▸ **What you should do**
Exclude the pictures, then repeat exactly each line from the one containing "BMW M3 LOGO" to the final line of the records that follow.

*** Block opens ***

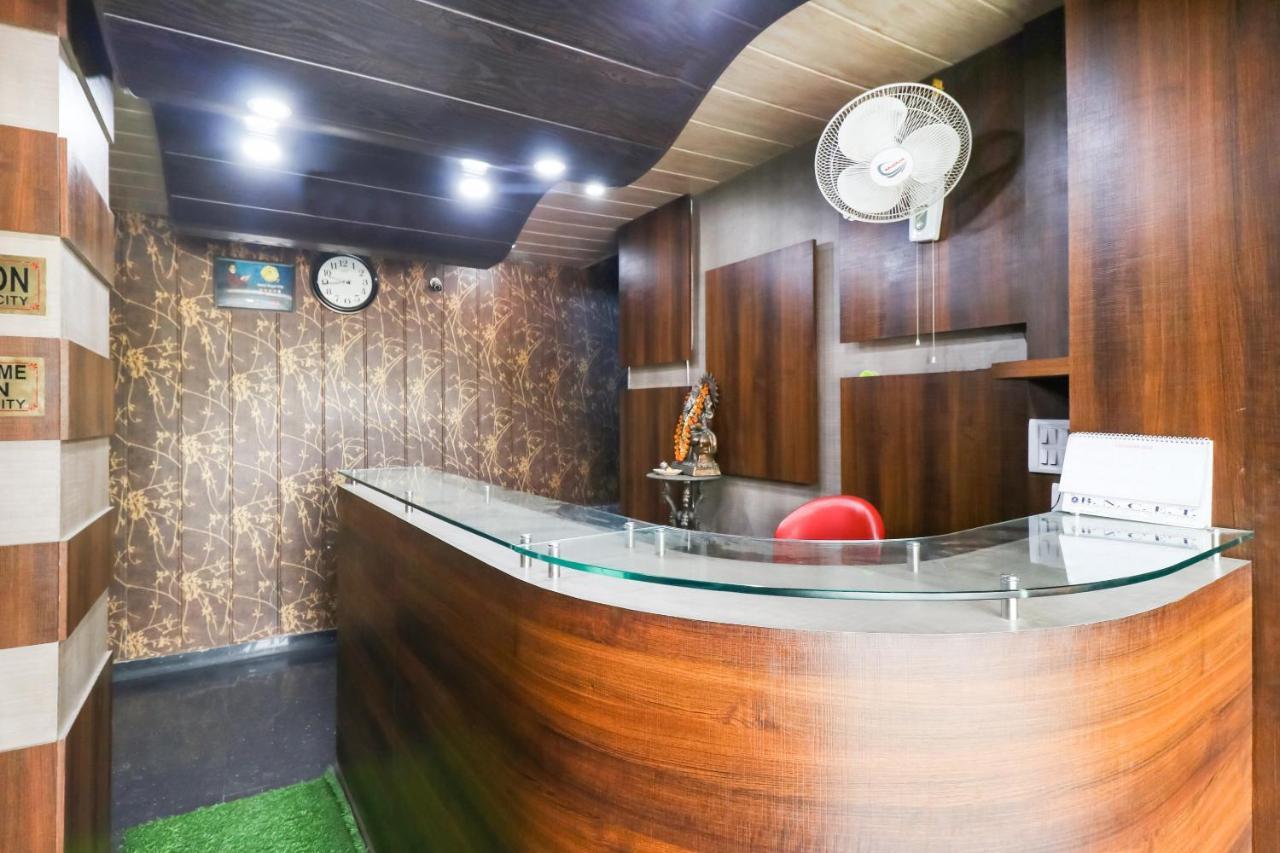 Oyo 6908 Hotel Royal City Āzamgarh Exteriör bild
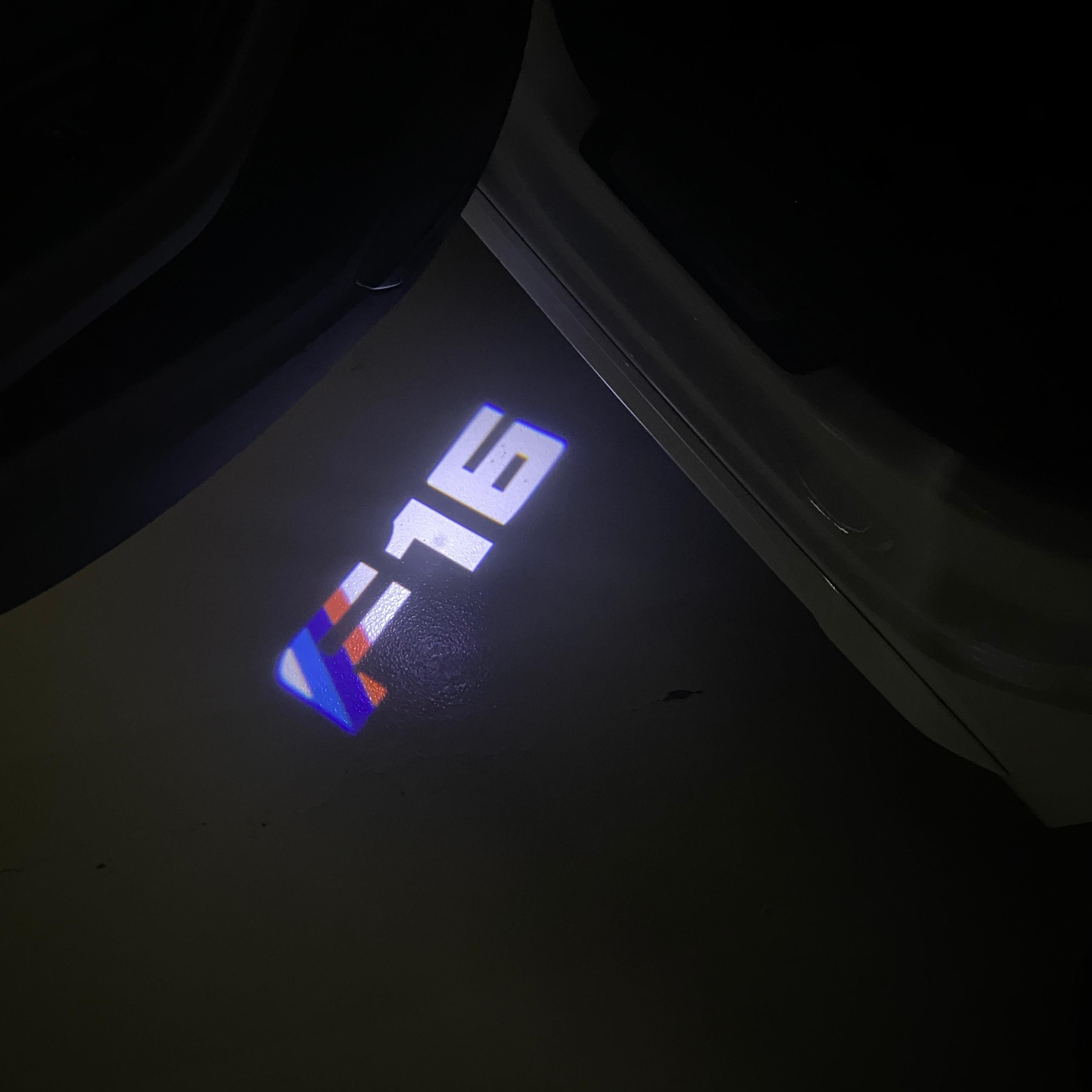 BMW M3 LOGO PROJECTOR LIGHTS Nr.24 (الكمية 1 = 1 مجموعة / 2 أضواء باب)
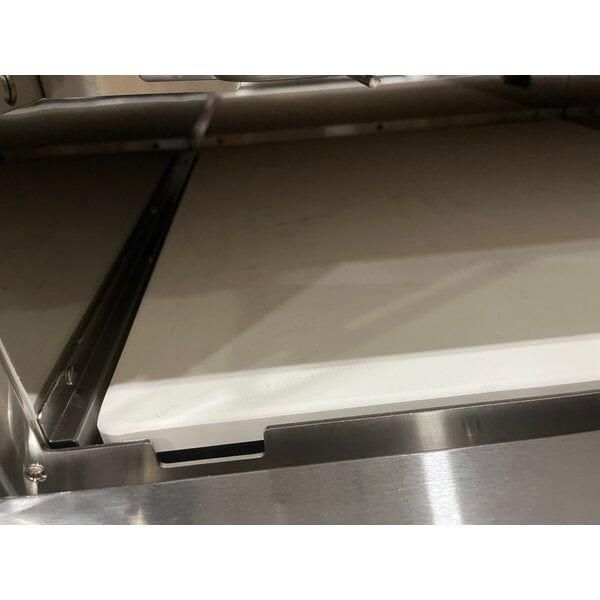 Scratch and Dent Avantco DPO-18-DS Double Deck Countertop Pizza/Bakery Oven - 3200W, 240V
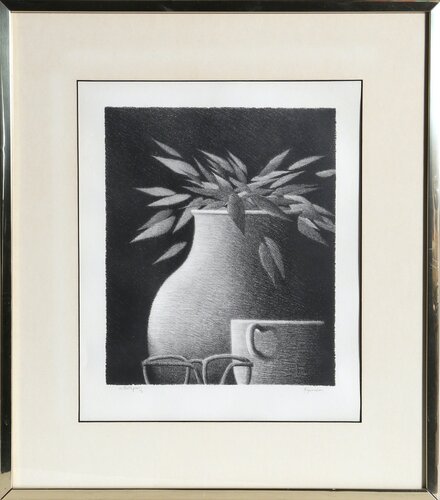 Tall Vase di Robert Kipniss, Stampa in vendita su Singulart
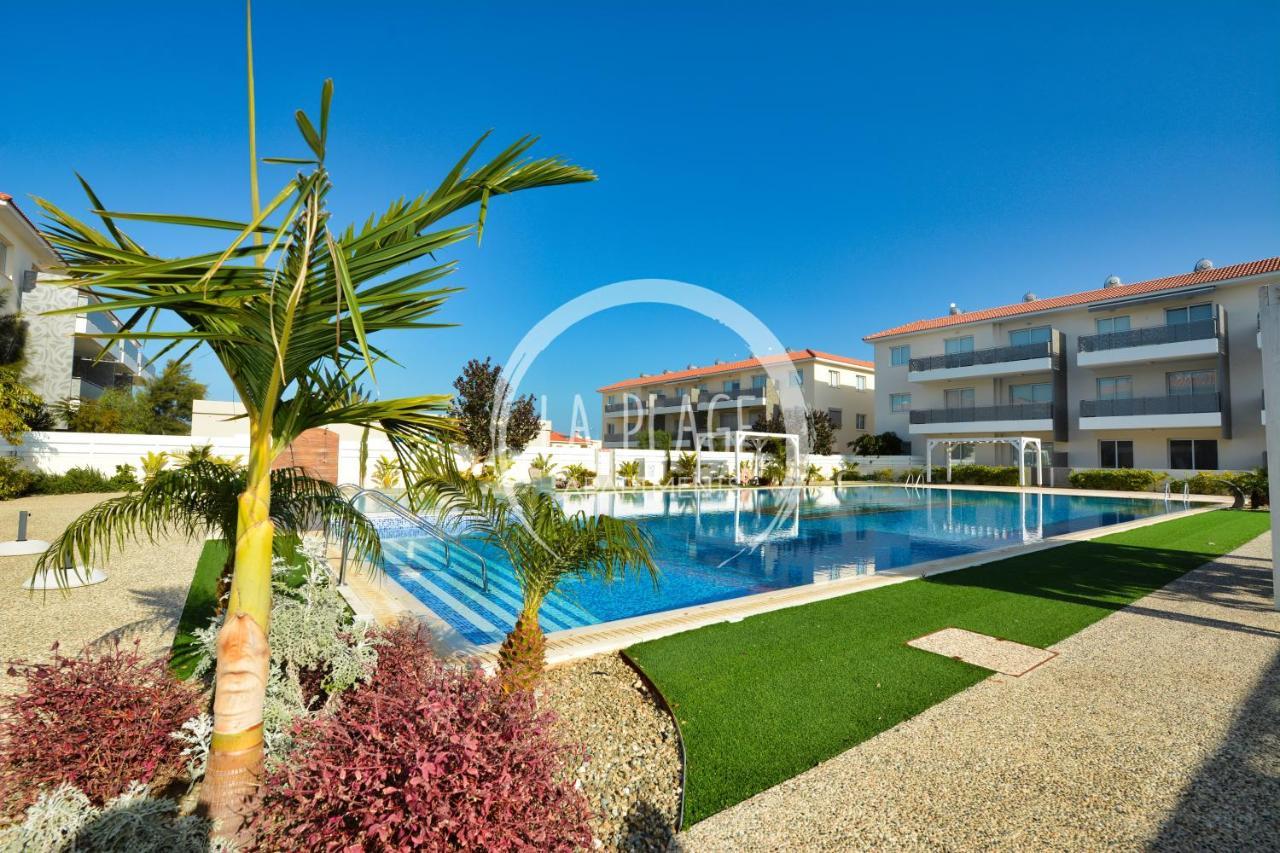 ♥ Sunny&Cozy Family Apartment ★ Walk To The Beach☼ Paralimni Exterior photo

*** Block closes ***

▸ **Answer to this exercise**
 BMW M3 LOGO PROJECTOR LIGHTS Nr.24 (الكمية 1 = 1 مجموعة / 2 أضواء باب)
 Scratch and Dent Avantco DPO-18-DS Double Deck Countertop Pizza/Bakery Oven - 3200W, 240V
 Tall Vase di Robert Kipniss, Stampa in vendita su Singulart
 ♥ Sunny&Cozy Family Apartment ★ Walk To The Beach☼ Paralimni Exterior photo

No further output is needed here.